A taxi driver in New Zealand has swapped drunken revellers for wayward seabirds in an attempt to halt the decline of one of the nation’s endangered species.
Local cabbie Toni Painting leads a volunteer army that scours the streets of the South Island town of Kaikoura in the middle of the night in search of Hutton’s shearwater chicks that crash-land onto the road – mistaking the shiny bitumen for the sea.
Painting was the first to spot the seabird chicks dazed and confused around town on foggy nights five years ago. Now she patrols each evening in fledgling season, collecting the wayward birds and delivering them to a nearby rehabilitation centre, who then take them out to sea.
Hutton’s shearwater are the only seabird in the world that nests and raises its young in the mountains, at heights around 1200m. Since the 1960s their breeding colonies have reduced from eight to two, classifying them for “endangered” status by the Department of Conservation.
Experts think the fledgling chicks in Kaikoura are confusing black, shiny bitumen for the surface of the ocean on their first journeys out of their nest, especially on foggy, moonless nights.
Once they have crash-landed the birds are unable to walk on land, or move, and often get hit by vehicles, or eaten by roaming cats or dogs.
“I go out half an hour after dark. Then I go out every hour until half past midnight, it takes them half an hour to get down from the mountains,” said Painting, who keeps animal boxes in her taxi to hold the chicks, which are fluffy, heavy and grey.
“If there’s a lot of birds coming down I can go all night, if I have passengers they’ll help me too.”
On an average night during fledgling season, which runs through March and April, between 10 and 20 birds will be found on local Kaikoura roads, especially those bordering the coast.
Painting said on her busiest night more than 200 birds were rescued, with volunteers working through till dawn.
Ted Howard is the chairman of the Hutton’s Shearwater Charitable Trust.
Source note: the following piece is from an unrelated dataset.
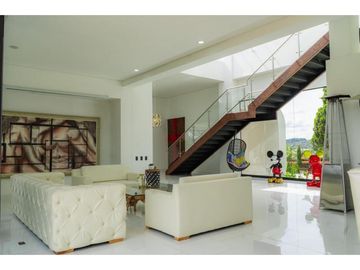 Casa Amoblada en Arriendo en Medellín Alto Palmas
He says the local Kaikoura community was well-used to the birds’ antics now, and on any given night about a dozen volunteers would be out patrolling the roads.
The highest death toll was 12 dead shearwaters in one night, which Howard said was “a tragedy” as the birds were so rare.
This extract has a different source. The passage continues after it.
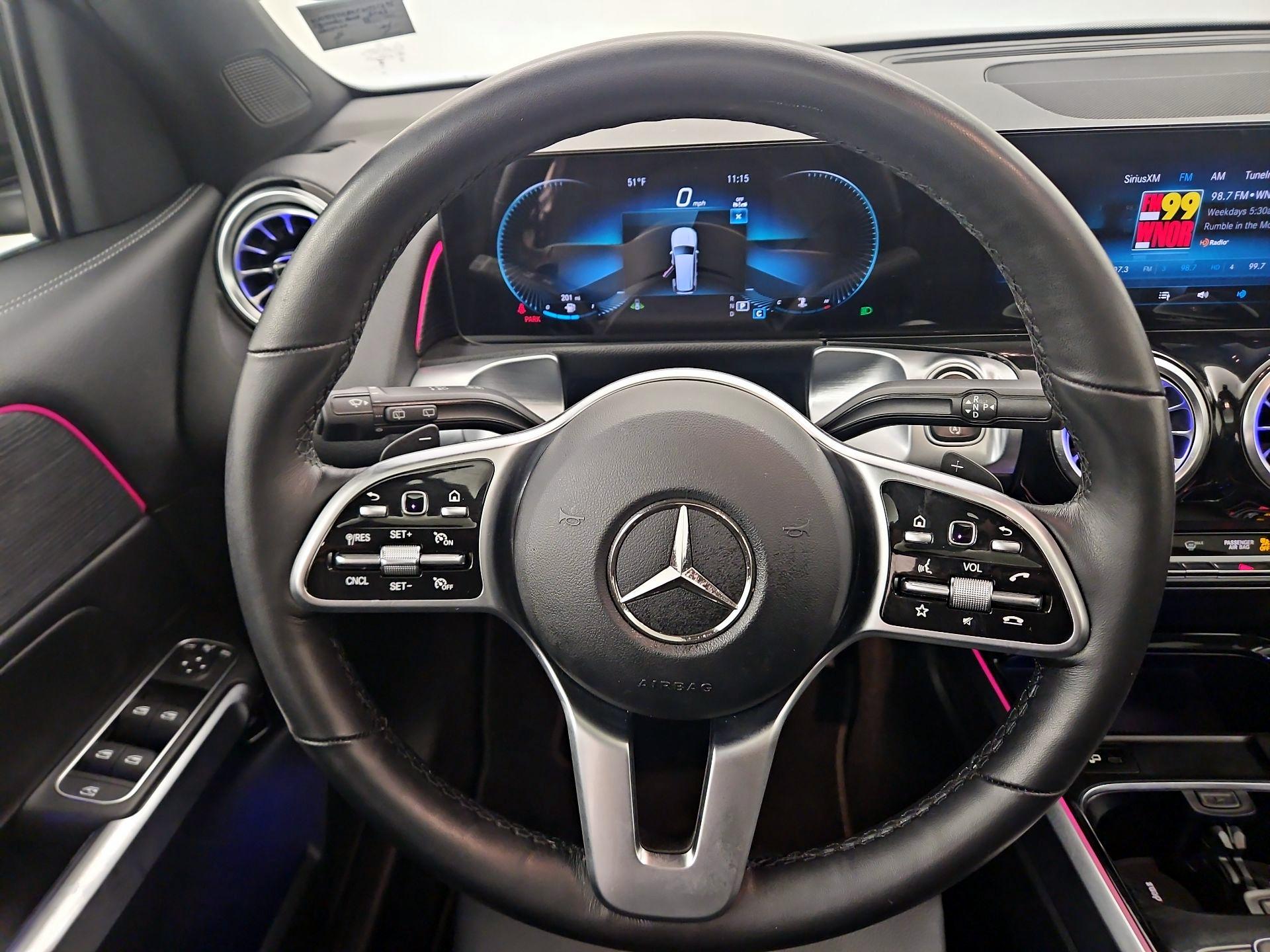 Thumbnail: 2023 Mercedes-Benz GLB - 10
“We call them crash-landers – they really are fascinating and strange birds; they’re the only seabird on the planet that breeds in the high mountains,” Howard said.
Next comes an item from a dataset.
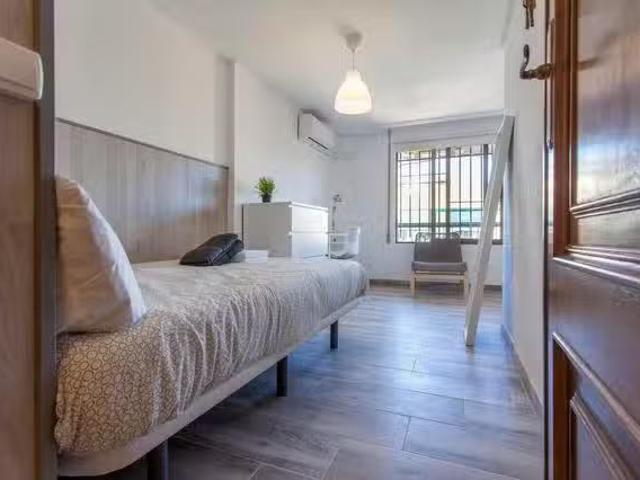 Acogedor Habitación en Carrer de Sèneca, L'Amistat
“The most risky nights are when it’s moonless, damp and misty.”
Erica Wilkinson, threatened species ambassador for the department of conservation, said volunteer efforts such as those in Kaikoura were “absolutely critical” to saving New Zealand’s threatened bird population, which continues to be decimated by introduced species such as rats, possums and stoats.
“Reversing the decline of our biodiversity really does take a village, and successes and innovation like this show that when we work together we can turn things around,” Wilkinson said.
Once the birds have been rehabilitated they are taken out on dolphin watching boats and released over the water.
For Painting this week marks the beginning of a month of late, cold nights, but there’s nothing that makes her happier than cruising the streets at midnight, her eyes peeled for that chubby puff of grey blinking in the dark.
“I just love birds and I know they’re threatened so it was on my heart to help save the species,” Painting says.
“They’re lovely birds, they’re easy to pick up and release. And it just gives me a lot of pleasure, releasing the birds into the sea where they are supposed to be.